Dalam kesempatan Muktamar Nu di Banjarmasin, Kalimantan selatan, pada tahun 1936, Kiyai Nawawi ikut hadir sebagai utusan Nu Mojokerto. Dari Banjarmasin, beliau memperoleh pengetahuan dan pengalaman baru. Terutama yang menyangkut tanggung jawab Ulama kepada kehidupan masyarakat.

Salah satu keputusan Muktamar Nu yang ke- 11 itu menyebutkan bahwa negara Indonesia, meski dikuasai Belanda, adalah daru Islam, negeri muslim, dan tanggung jawab Ulama adalah menjaga kedaulatan negeri tersebut.

Untuk memperkuat basis pendidikan umat Islam di Mojokerto, bersama sejumlah pengurus Nu, Kiyai Nawawi kemudian mendirikan Madrasah. Awalnya madrasah itu ditempatkan di teras musalla milik KH. Zainal Alim yang letaknya di sebelah pasar pahing Kota Mojokerto.

Madrasah Ibtida'iyah kemudian dipindah ke Gang Kauman, sehingga masyarakat menyebutnya madrasah Kauman. Dalam perkembangannya kemudian, pada tahun 1976 madrasah tersebut berganti nama menjadi Madrasah Ibtida'iyah Al-Muhsinun.

Lewat madrasah Nu ini Kiyai Nawawi bukan hanya mengajar ilmu-ilmu agama seperti yang ditunjukan di pesantrenya, tapi juga mengajar anak-anak semangat patriotisme bela negara.

Cara Kiyai Nawawi menanamkan rasa cinta tanah air dan bangsa kepada murid-murid dengan kreatif. Teks lagu Indonesia Raya beliau terjemaahkan dengan lengkap kedalam bahasa Arab.

Selain untuk mengajarkan pelajaran bahasa Arab, itu juga ditunjukan untuk menghindari sensor polisi kolonial Belanda yang waktu itu memang sangat ketat pengawasannya terhadap sekolah-sekolah swasta.

Guru beliau di pondok Siwalan Panji, Kiyai Chozin, juga ikut mengajar di madrasah tersebut, termasuk Kiyai Muhammad dari Porong, Sidoarjo.

Kiyai Nawawi menjalani hidup dengan memperbanyak keprihatinan. Sehari-harinya hanya makan ganyong (ubi) saja.

Kepada santri-santrinya beliau selalu berpesan, kalau makan jangan tergoda harus makan nasi melulu, apalagi mau yang enak-enak.
Makanlah apa adanya, adanya ketela, makan ketela; adanya ganyong, ya makan ganyong.
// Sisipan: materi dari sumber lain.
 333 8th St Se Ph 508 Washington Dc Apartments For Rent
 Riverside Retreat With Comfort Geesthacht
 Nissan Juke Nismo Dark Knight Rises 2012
Jangan suka memanjakan diri, nanti tidak tahan melawan penjajah!
Demikian nasihat beliau kepada santri.

Di masa pendudukan tentara Jepang, muncul pembatasan terhadap segenap kegiatan organisasi politik maupun organisasi kemasyarakatan.

Namun Demikian, Kiyai Nawawi tetap menghidupkan kegiatan-kegiatan ke-NU-an dengan memakai nama "Ahlussunnah Wal Jama'ah". Meski secara keorganisasian Nu tidak diperbolehkan muncul di ruang publik, Namun dakwah keagamaan tetap berjalan seperti biasa.
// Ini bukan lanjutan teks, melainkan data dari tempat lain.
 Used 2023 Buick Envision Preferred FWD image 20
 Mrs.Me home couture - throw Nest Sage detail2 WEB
Demikian pula pengajaran patriotisme "cinta tanah air dan bangsa adalah sebagian dari iman" selalu didakwahkan oleh Kiyai Nawawi demi menggerakan semangat juang rakyat kita agar ikut mempersiapkan diri berperang melawan penjajah untuk mencapai kemerdekaan.

Setelah Laskar Hizbullah diijinkan berdiri pada Oktober 1944, di Mojokerto mobilisasi pemuda untuk petahanan rakyat itu diprakarsai oleh Kiyai Ahyat Halimy, Mansur Solikhi, Munasir, Manadi, Mustakim dan Abdul Halim.
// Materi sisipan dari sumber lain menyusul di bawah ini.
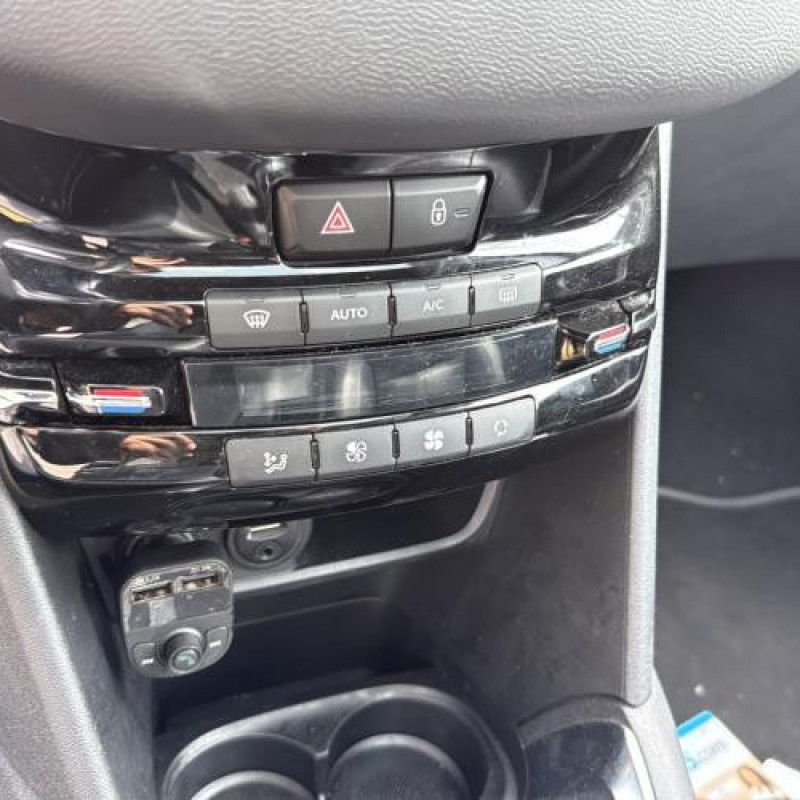 Autoradio d'origine PEUGEOT 208 1 Photo n°15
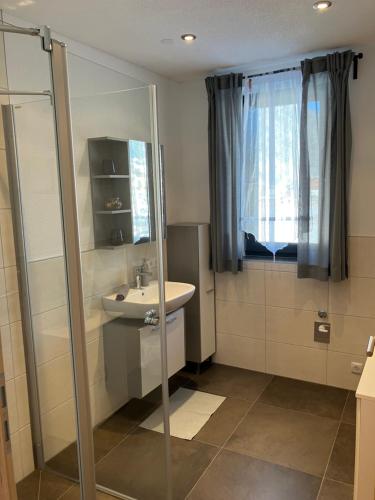 ein Bad mit einem Waschbecken und einer Dusche in der Unterkunft Apart Katja in Längenfeld
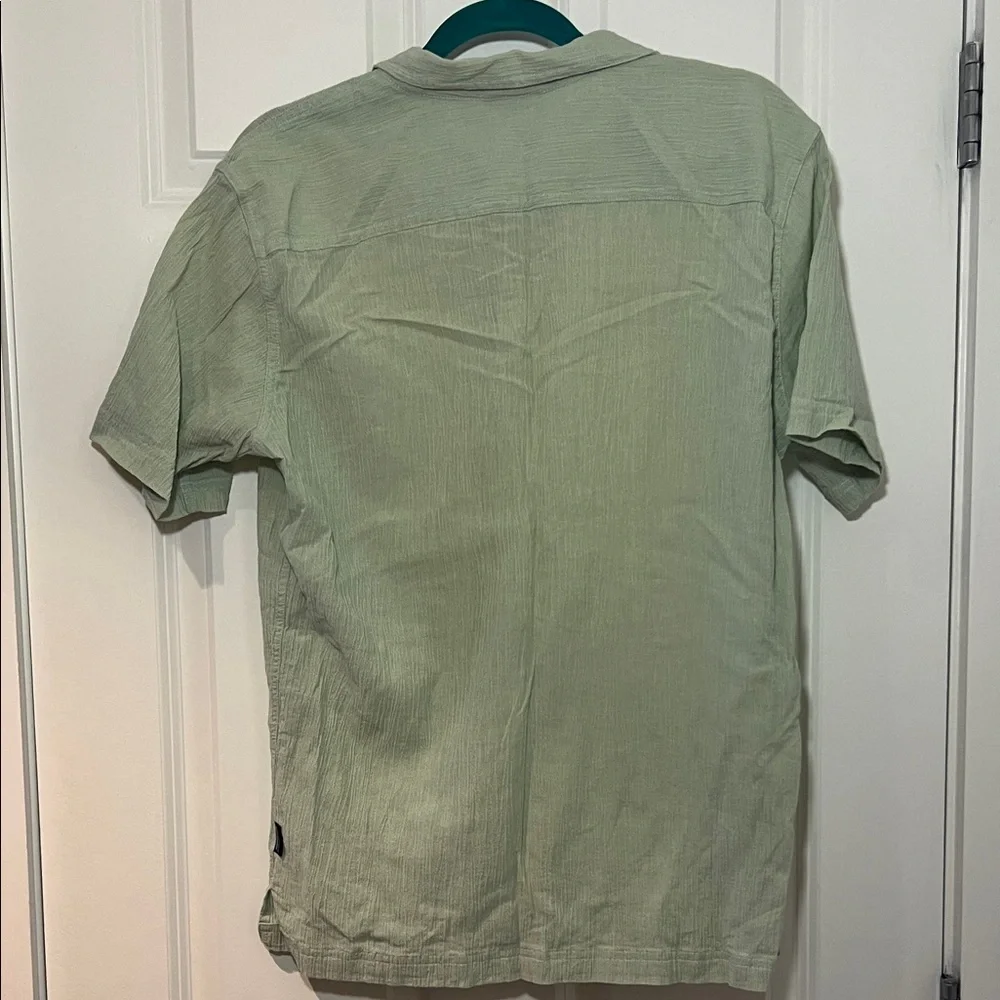Patagonia Men's Light Green Casual Button-Down Shirt - Picture 3 of 3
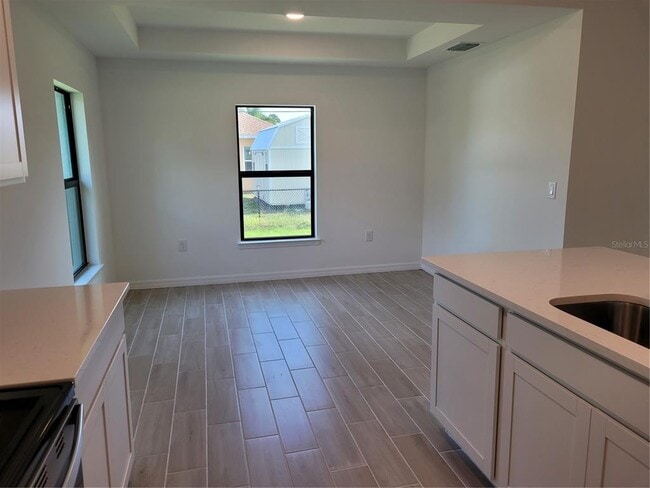 Building Photo - 11383 Baggot Ave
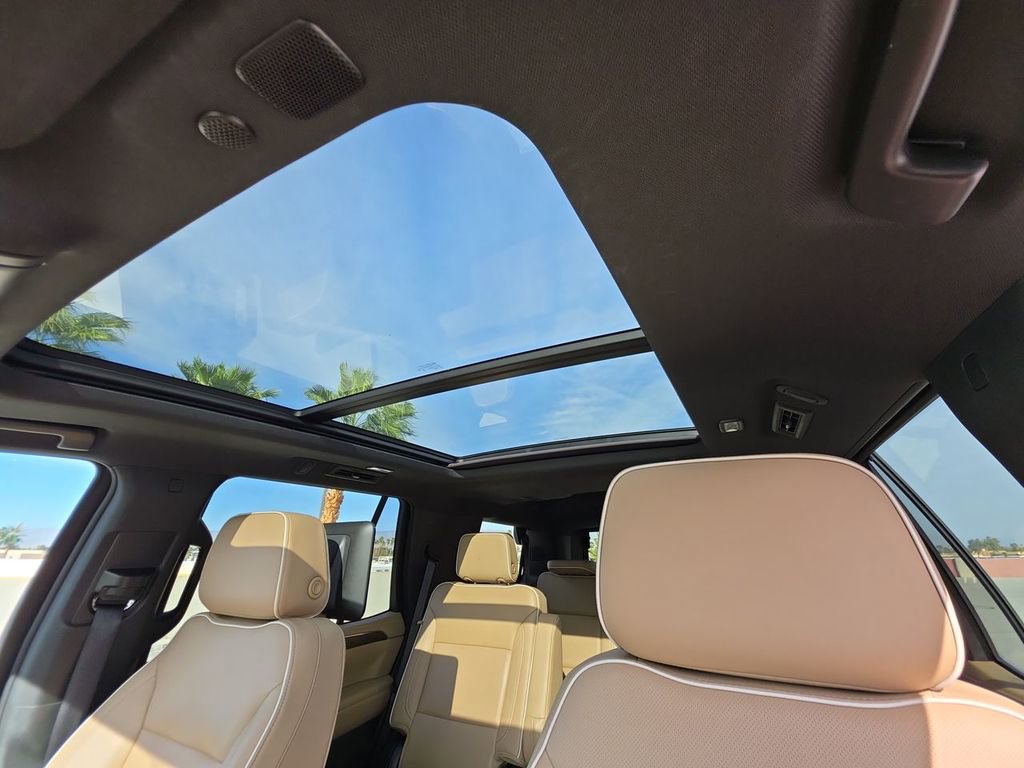 Used 2023 Chevrolet Tahoe Premier w/ Premium Package image 19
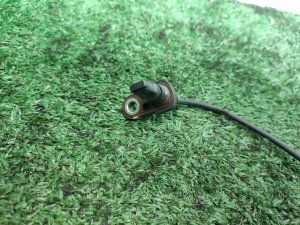 Датчик ABS передний правый TOYOTA AQUA OEM 8954252130 NHP10 2011-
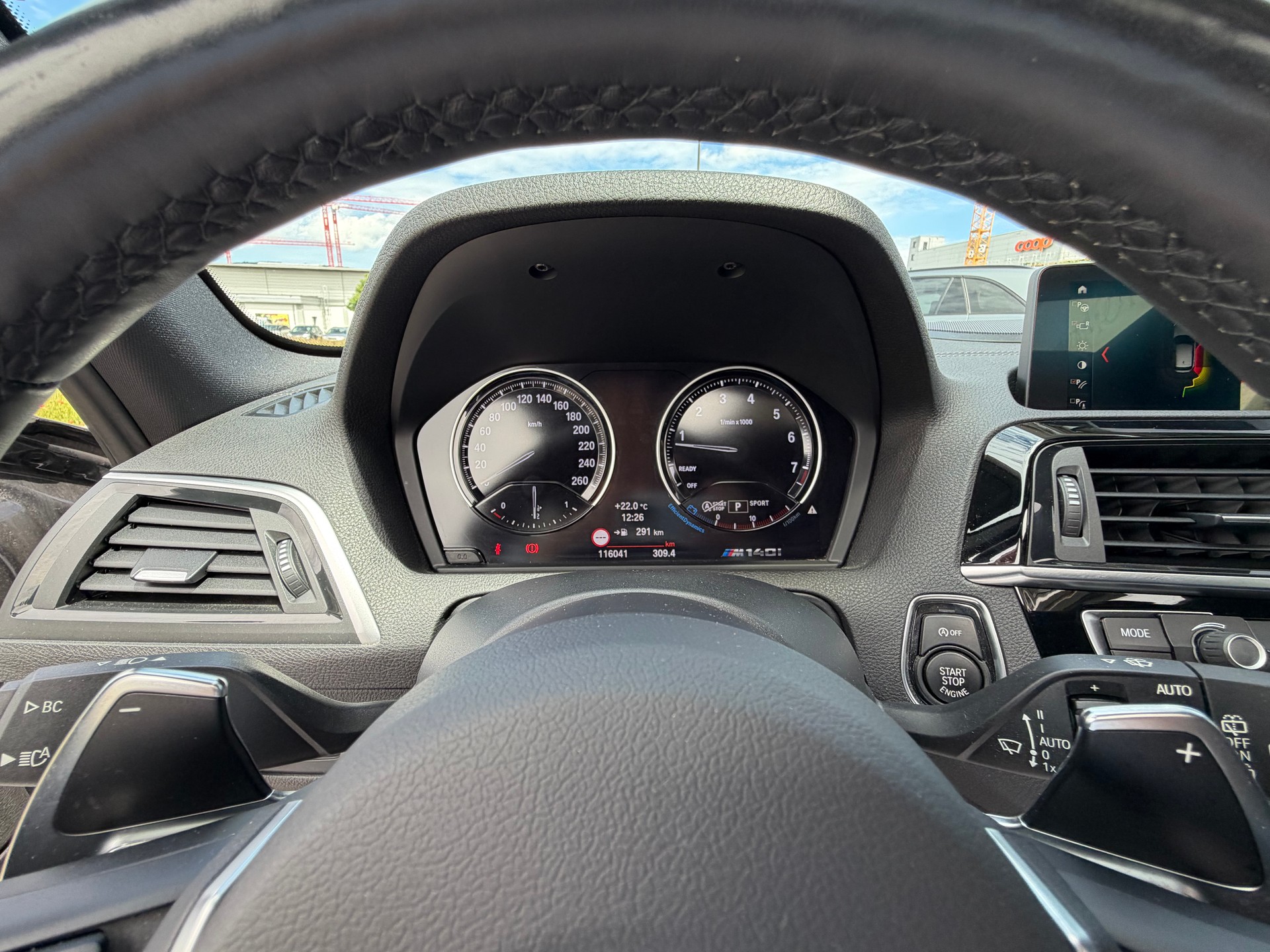 BMW M140i xDrive Steptronic-image-15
Dan kesempatan ini dimanfaatkan oleh Kiyai Nawawi untuk mengkader anak-anak muda untuk pendidikan bela agama dan bela negara.

Setelah Proklamasi kemerdekaan Indonesia pada 17 Agustus 1945, ancaman terhadap Republik Indonesia mulai muncul. Tentara Belanda kembali hadir dengan membonceng kedatangan tentara Inggris ke Indonesia.

Saat itu ancaman terhadap keutuhan Republik Indonesia yang baru merdeka mulai terasa di Surabaya, 20 kilometer dari Mojokerto, mulai akhir Oktober 1945 hingga meledak menjadi perang besar 10 November 1946 yang kemudian dikenal sebagai hari Pahlawan.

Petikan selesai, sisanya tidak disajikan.